Favorite Dear Abby questions. Dear Abby admitted she was at a loss to answer these questions:

Dear Abby,
A couple of women moved in across the hall from me. One is a middle-aged gym teacher and the other is a social worker in her mid-twenties. These two women go everywhere together, and I’ve never seen a man go into or leave their apartment. Do you think they could be Lebanese?

Dear Abby,
What can I do about all the Sex, Nudity, Fowl Language and Violence on my VCR?

Dear Abby,
I am a twenty-three year old liberated woman who has been on the pill for two years. It’s getting expensive and
I think my boyfriend should share half the cost, but I don’t know him well enough to discuss money with him.

Dear Abby,
My forty year old son has been paying a psychiatrist $50 an hour every week for two and a half years. He must be
crazy.

Dear Abby,
My mother is mean and short tempered I think she is going through mental pause.

Dear Abby,
I have a man I can’t trust. He cheats so much, I’m not even sure the baby I’m carrying is his.

HarryNewton
Harry Newton who is eyeing the falling rain and thinking this is not biking weather. Yet he needs the constant exercise…and the subway accepts bikes. April showers brought May flowers. And May showers brought Pilgrims. But June torrential rain..? Bike accidents?
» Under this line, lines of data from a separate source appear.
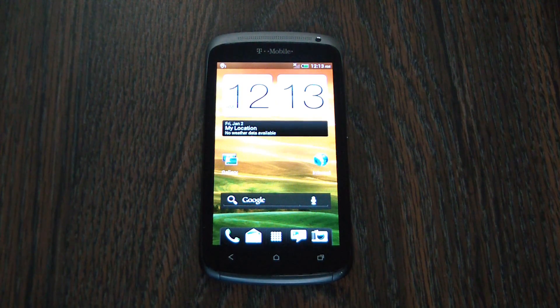In this tutorial I'm going to show you how to restore an HTC One S smartphone to factory settings.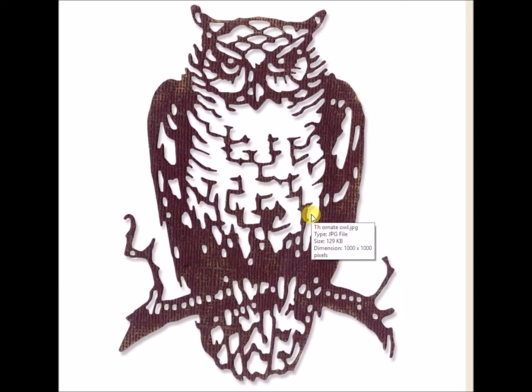Here's the Ornate Owl. He is 3 3/8 by 4 3/4, so he's actually a good size to fit on a card. I've got a couple of these.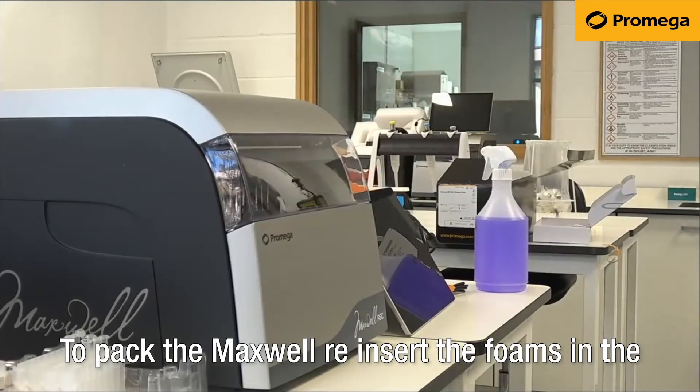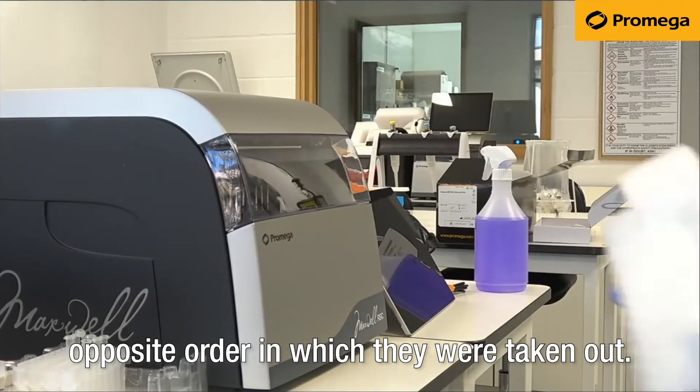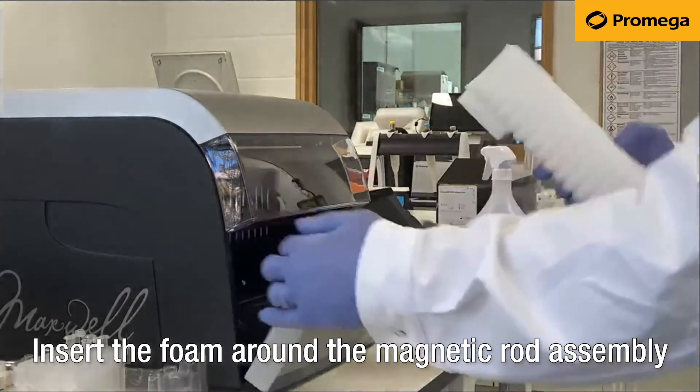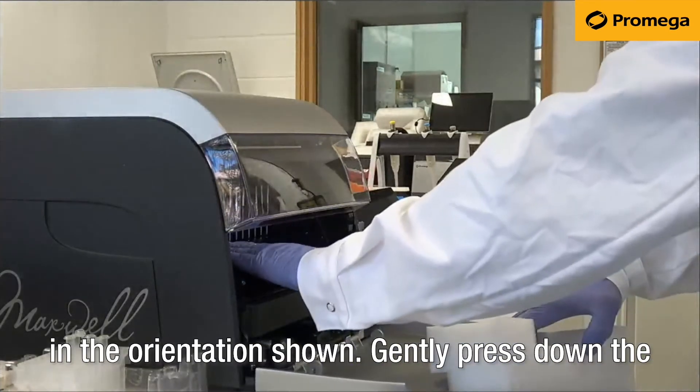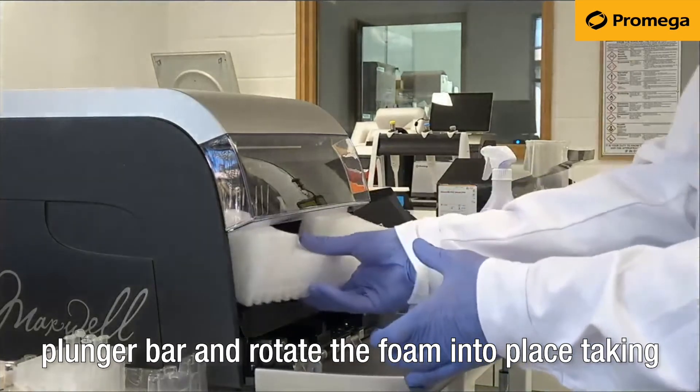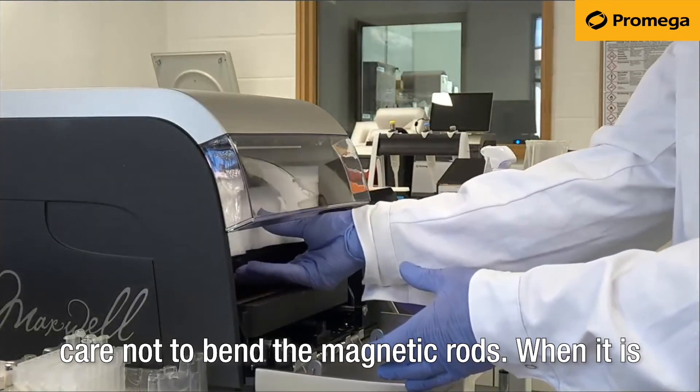To pack the Maxwell, reinsert the foams in the opposite order in which they were taken out. Insert the foam around the magnetic rod assembly in the orientation shown. Gently press down the plunger bar and rotate the foam into place, taking care not to bend the magnetic rods.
I bought a little AIG yesterday. Its P/E is under 10 and it keeps hitting new highs. Yet by the end of the day, I was down $85.50. Maybe today will be better?

758 Comments

  1. pahowley says:

    Harry, as you probably know, the Ten Commandments are key to our Western Civilization. You had one God and a firm set of commandments, – rules – of what was not acceptable, a sin. Prior to that you could bribe the gods to accept whatever it was you wanted to do. Offer a sacrifice and off you went. Now the rules were “set in stone”. No fudging. Important.

  2. Peter says:

    On scams, a telephone call from my father-in-law in Springfield, IL (I am in NYC) pulled me out of a meeting. It was actually him and he was quite upset because two people, posing as my son and a cop, called him in Illinois with an elaborate story about a car accident, an arrest, and the need to wire $3,000 to spring my son from jail. While he did think to call me he is old and frail enough to have believed the story and had written down wiring instructions! We’ve heard about these things before but the elaborate scheme and information they had makes you want to warn everyone.